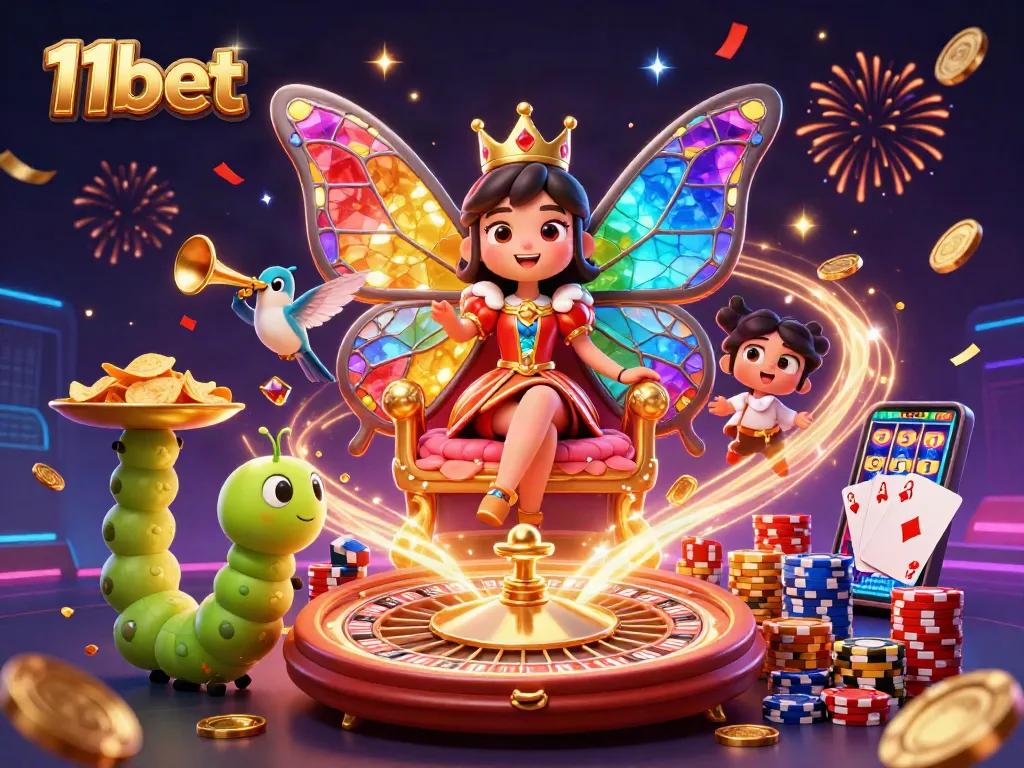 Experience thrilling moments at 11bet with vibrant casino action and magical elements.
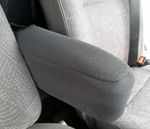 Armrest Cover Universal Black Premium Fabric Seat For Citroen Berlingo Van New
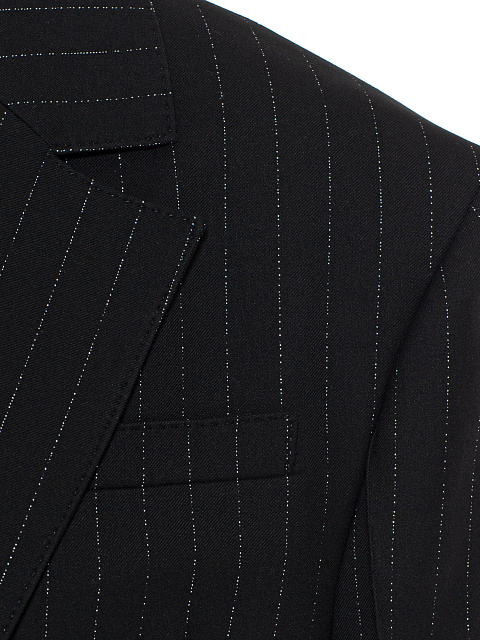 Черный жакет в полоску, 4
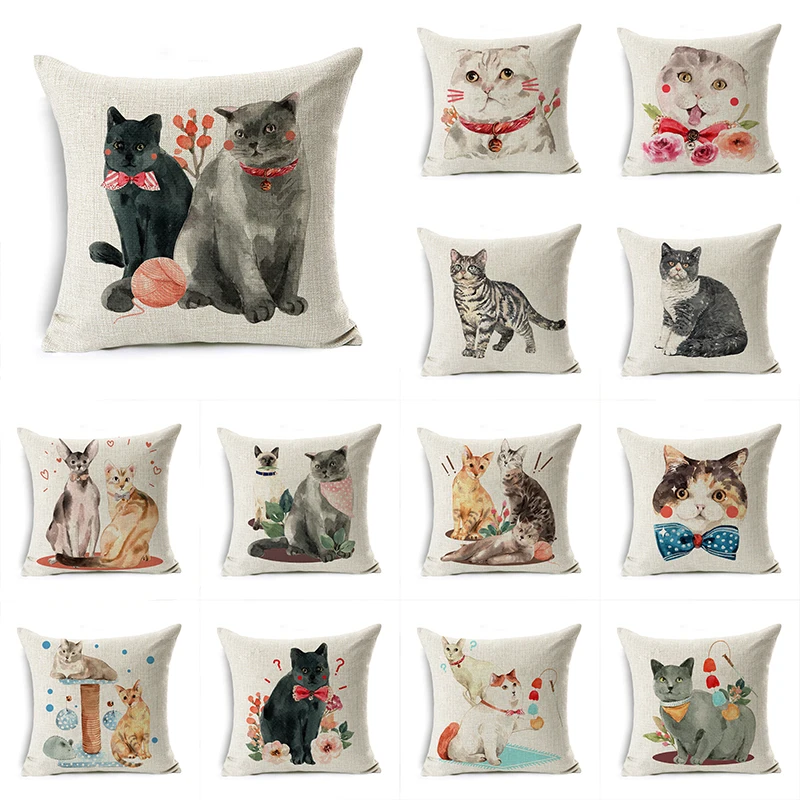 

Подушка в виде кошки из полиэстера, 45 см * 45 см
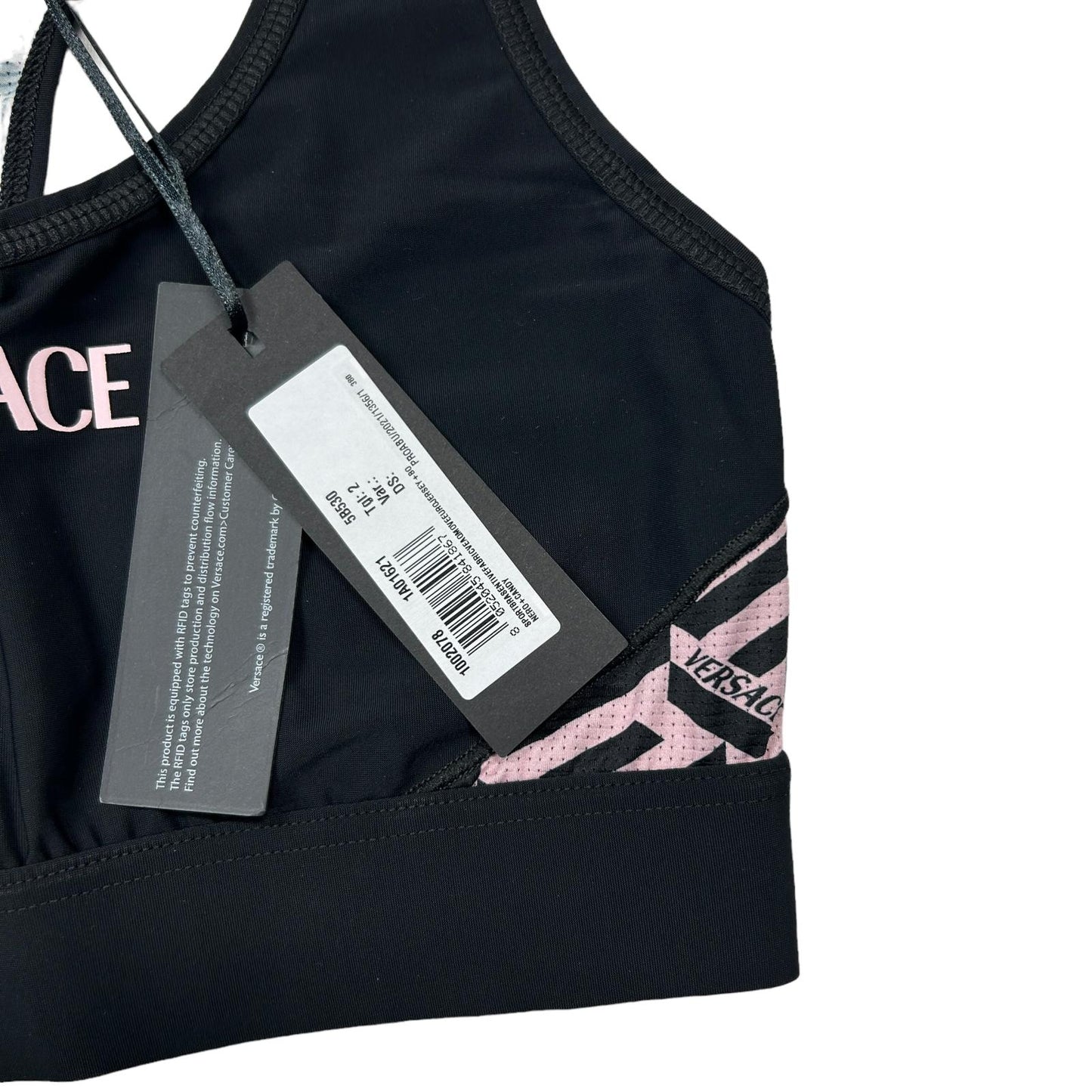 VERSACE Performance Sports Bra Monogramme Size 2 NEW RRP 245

### Description of the task
The lines to copy begin with the one containing "Armrest Cover Universal" and end with the last line of the entries above; copy them exactly, minus the pictures.

### Exercise answer
 Armrest Cover Universal Black Premium Fabric Seat For Citroen Berlingo Van New
 Черный жакет в полоску, 4

Подушка в виде кошки из полиэстера, 45 см * 45 см
 VERSACE Performance Sports Bra Monogramme Size 2 NEW RRP 245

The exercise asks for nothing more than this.